For businesses operating internationally, the picture is broader again — and closer to home than many realise. The EU AI Act is now in force and has extraterritorial reach: if a New Zealand company offers AI-enabled products or services to users in the EU, or its AI outputs are used there, it can be legally bound by the Act despite having no European office. Other jurisdictions are following suit, and international standards such as ISO/IEC 42001 (Artificial Intelligence Management Systems) are becoming reference points for demonstrating good practice to overseas customers and regulators alike.

Risk management: start early, repeat often

The guidance frames AI risk management as a continuous cycle across the AI life cycle rather than a one-off assessment: identify risks, assess their severity and likelihood, manage them according to your risk tolerance, record mitigations and responsibilities, and review continuously as systems and contexts change.

Common AI risks the guidance highlights include compromise of personal or confidential information through security vulnerabilities, unfair treatment of people affected by biased AI systems or human over-reliance on them, lack of transparency with customers about AI use, and — specific to generative AI — decisions made on the basis of hallucinated outputs.

Practical tips from the guidance worth adopting immediately: maintain a living risk inventory; prefer prevention over cure for foreseeable risks; communicate risks and mitigations to relevant teams and third-party providers; publish usage policies (particularly for generative AI) so staff know the organisation’s stance and rules; watch for new risks created by fixing old ones, since reducing bias can sometimes reduce accuracy; and build contingency, business continuity and exit plans so you can phase out an AI system safely if you need to. The guidance also points businesses to the MIT AI Risk Repository, the Stats NZ Algorithm Impact Assessment toolkit and Business.govt.nz’s risk management resources as starting points.

If it isn’t documented, it didn’t happen

The final element of the governance pillar is recordkeeping. Documentation is what turns good intentions into demonstrable accountability — it lets you show where and how decisions were made, respond to customer queries about AI use, and comply with audits.
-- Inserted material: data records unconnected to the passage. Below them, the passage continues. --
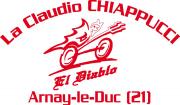 claudio 2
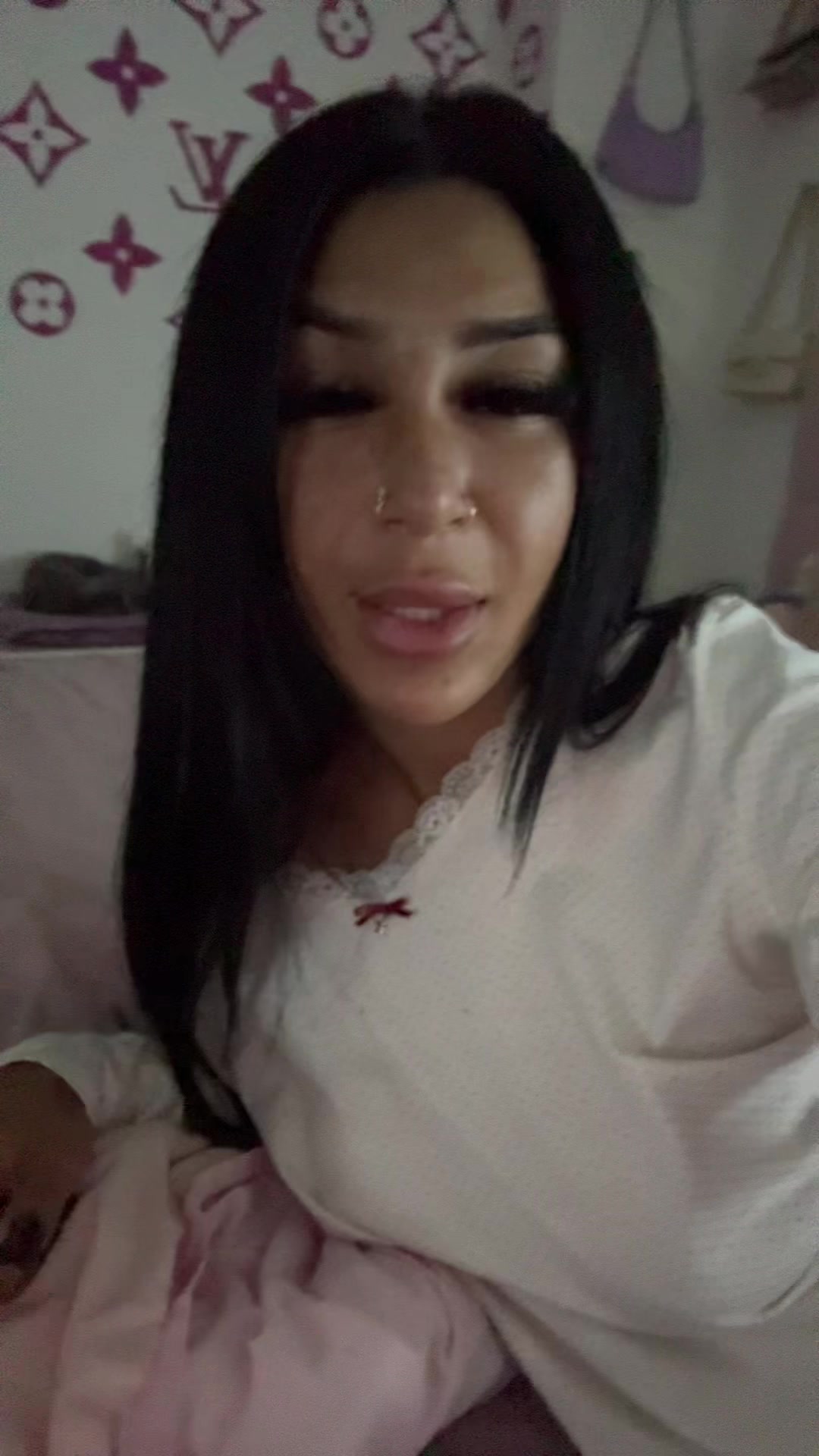 @aufdenmelo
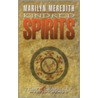 Kindred Spirits by Marilyn Meredith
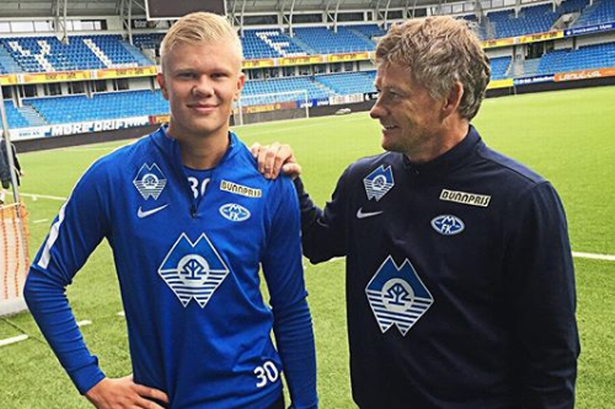 阿森纳1-2遭绝杀+利物浦3-3被绝平，曼城3-0，英超最新积分榜出炉（阿森纳1-2补时遭绝杀，利物浦3-3被追平；曼城3-0告捷，英超积分榜更新）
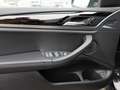 BMW X3 xDrive 30e FACEL. AHK W-LAN NAVI KAMERA Schwarz - thumbnail 29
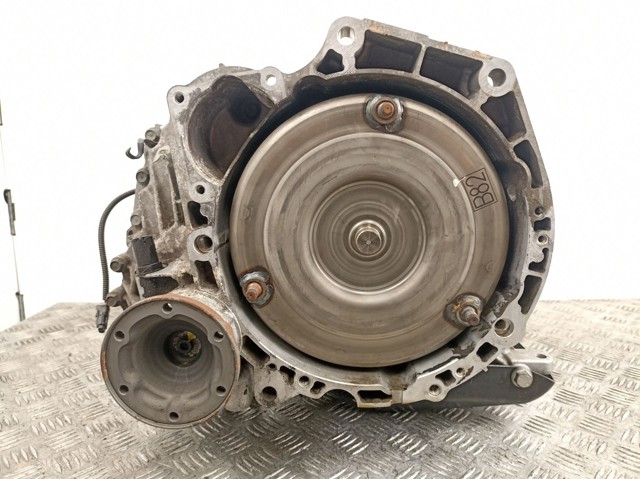  VAG GJF precio, desde 434,15 EUR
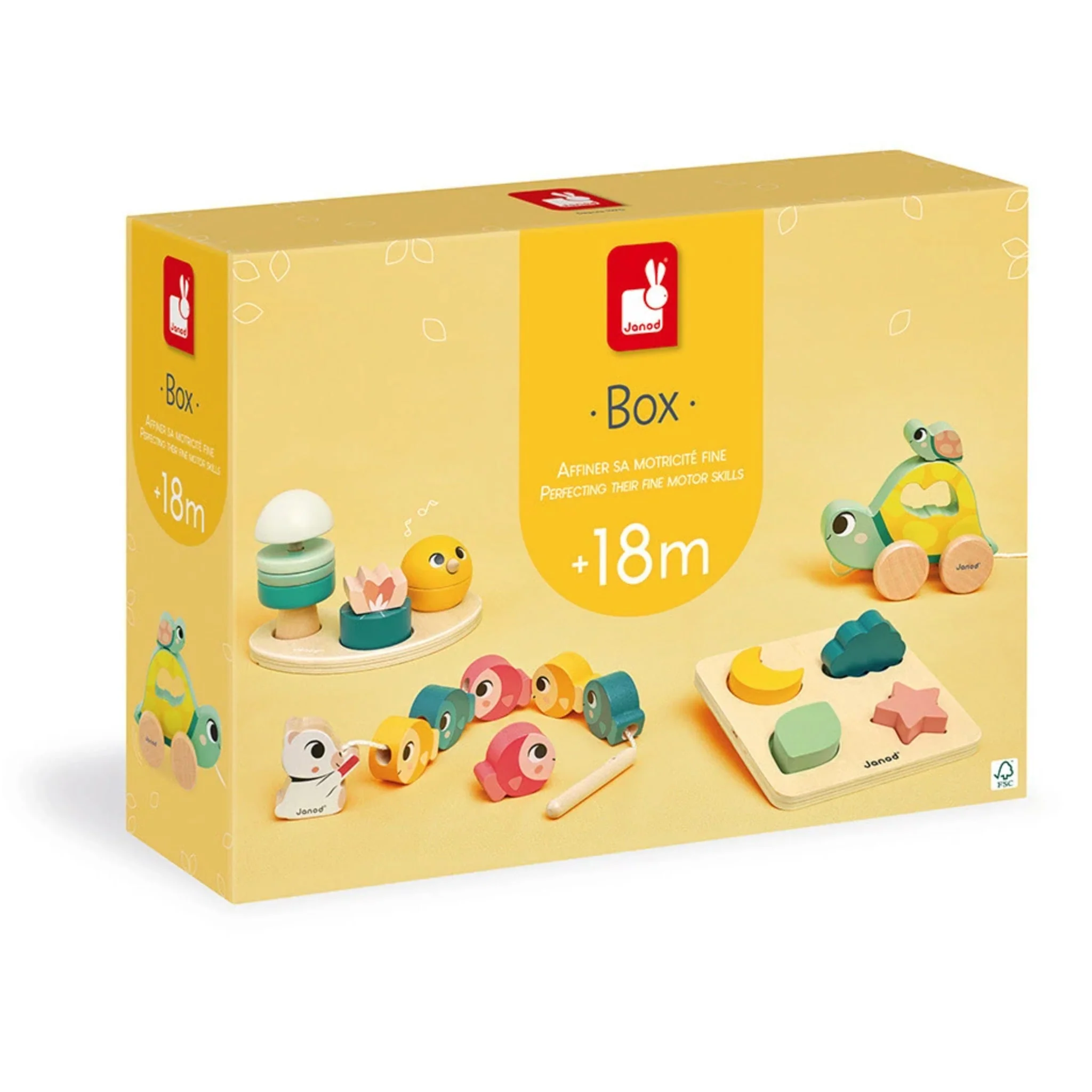 Image du produit 11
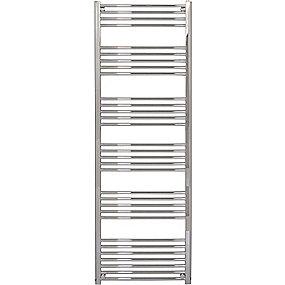 krom plan 1800x600mm devarmer ndkl h light space kriss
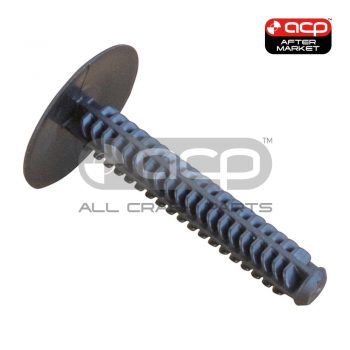 Clip Genuine Suits Nissan Dualis J10 2010 to 2014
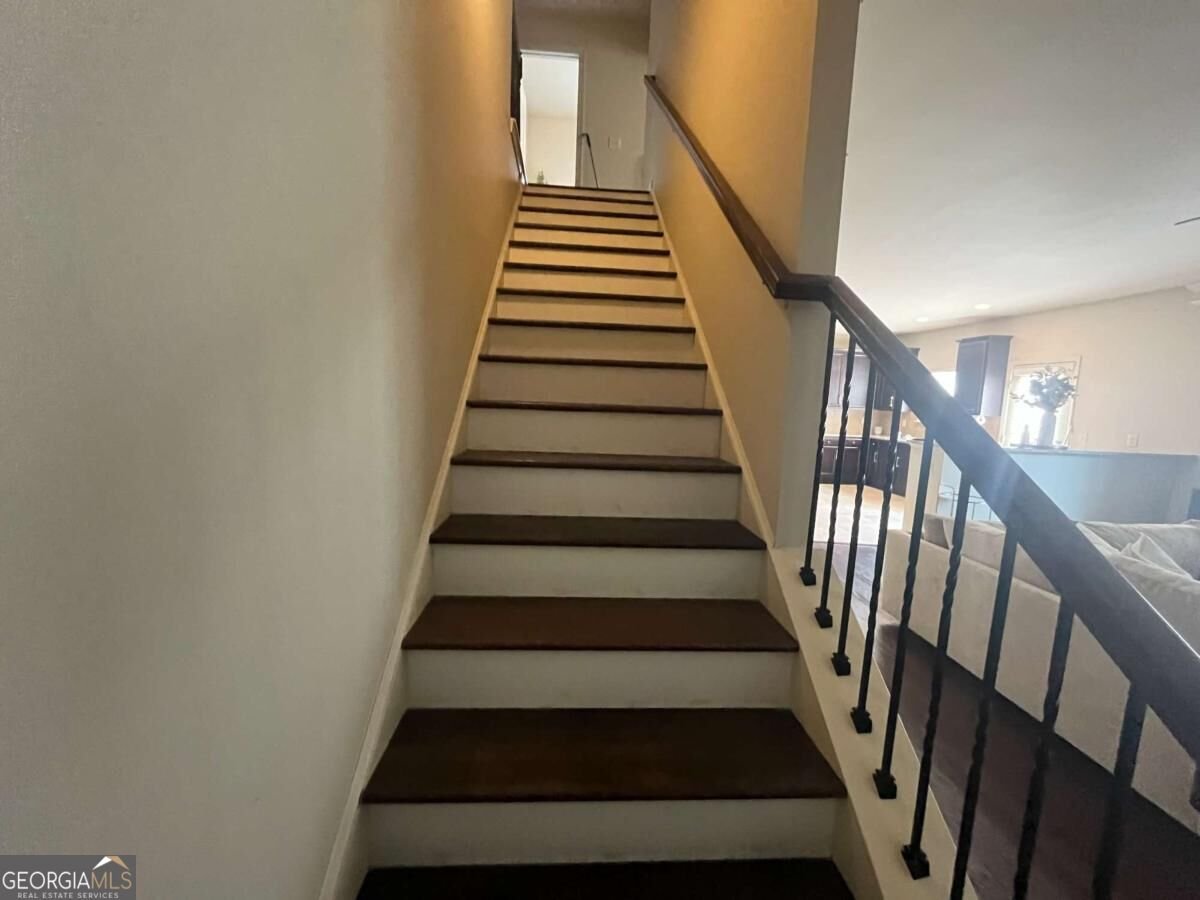 474 Napa Valley Lane Lawrenceville - Photo 21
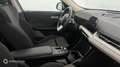 BMW X1 sDrive20i 170ch - thumbnail 15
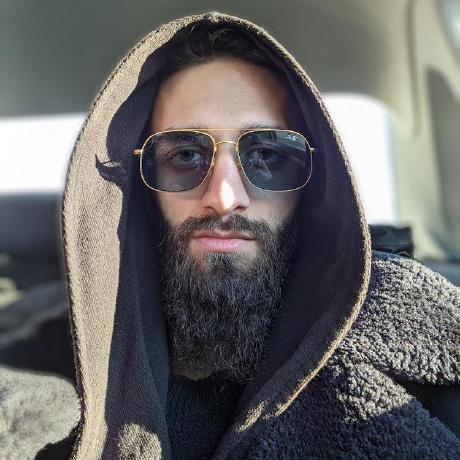 Levanagit Levan Andronikashvili Github - Full HD Vintage Wallpapers for Desktop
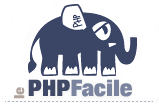 Le PHP Facile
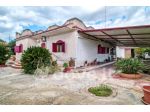 Villa di 214 m² con 5 locali in vendita a Statte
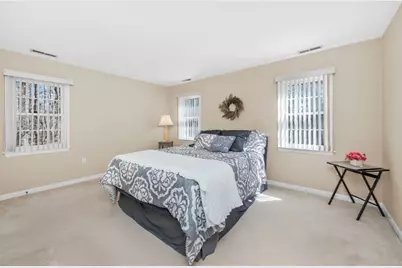 34 Pickman Drive #34, Bedford, MA 01730 - Photo 28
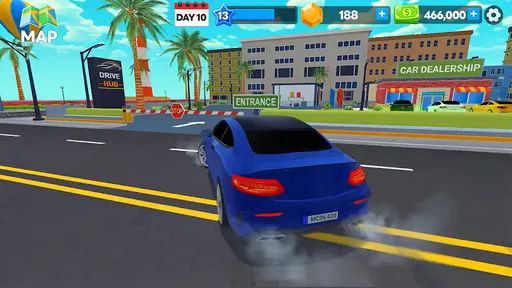 精彩截图-威尼斯6966vip模拟器游戏下载-威尼斯6966vip模拟器游戏中文版下载v0.1.03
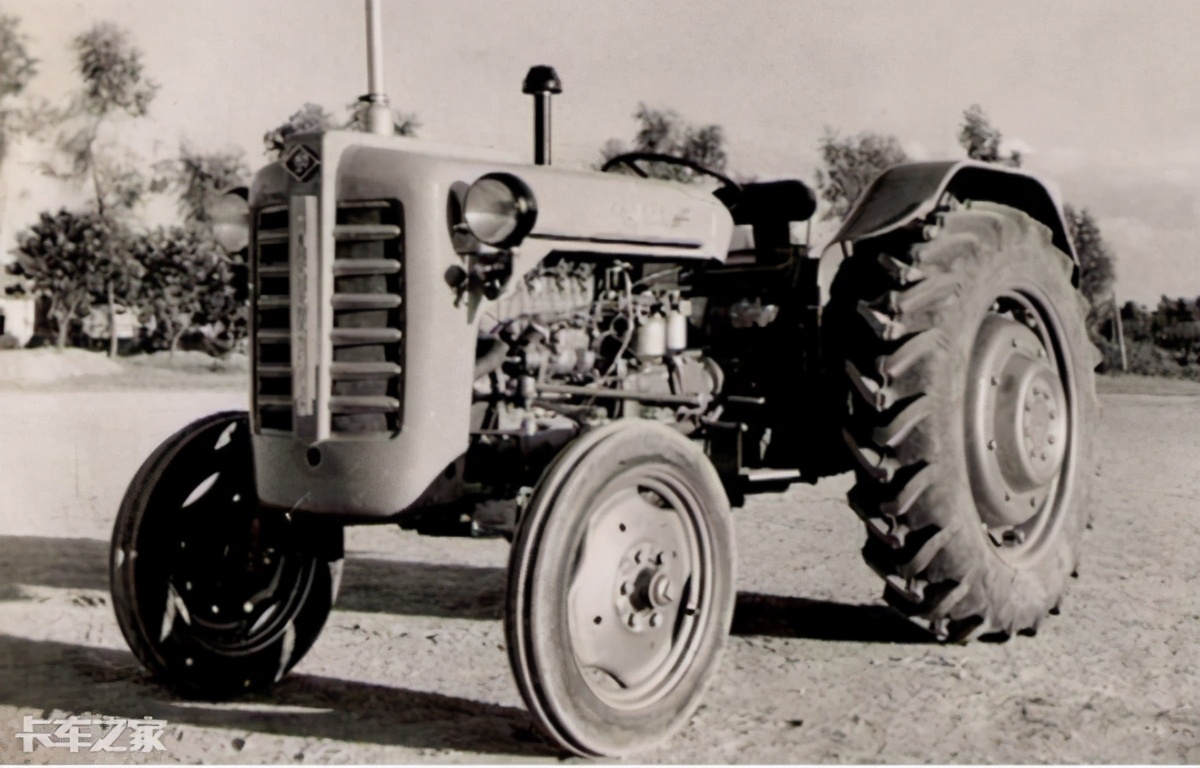 不愧是国产销量王,不愧是咱们的国产神车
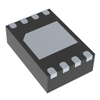 Audio Amplifiers - BD7830NUV-TR - Quarktwin Technology Ltd.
The guidance highlights AI model cards as a useful tool for recording a system’s purpose, data sources, training approach, performance metrics and known biases, whether you build systems or buy them. MBIE also publishes a recordkeeping checklist as part of the guidance.

What to do this quarter

For most New Zealand businesses, acting on this pillar of the guidance comes down to five moves:

  • Name accountable owners for every AI system in use — and write it down so everybody knows their role.
  • Expand your privacy officer’s remit to cover how AI tools are ingesting and processing personal information. It’s the fastest governance win available.
  • Map your AI uses against the legislation above, including any extraterritorial exposure such as the EU AI Act, involving legal advice where needed.
  • Stand up a simple, repeatable risk process with a living risk inventory, reviewed as systems and contexts change.
  • Start documenting before you scale, not after — model cards, usage policies and decision records that show how and why choices were made.

Governance is not the glamorous end of AI adoption, but it is the part that determines whether AI becomes an asset or a liability. The businesses that get it right will be the ones that can look customers, regulators and their own boards in the eye and explain exactly how their AI works, who oversees it, and what happens when something goes wrong.


This article is based on the Ministry of Business, Innovation and Employment’s Responsible Artificial Intelligence Guidance for Businesses. It is general commentary and not legal advice; seek professional advice on your specific obligations.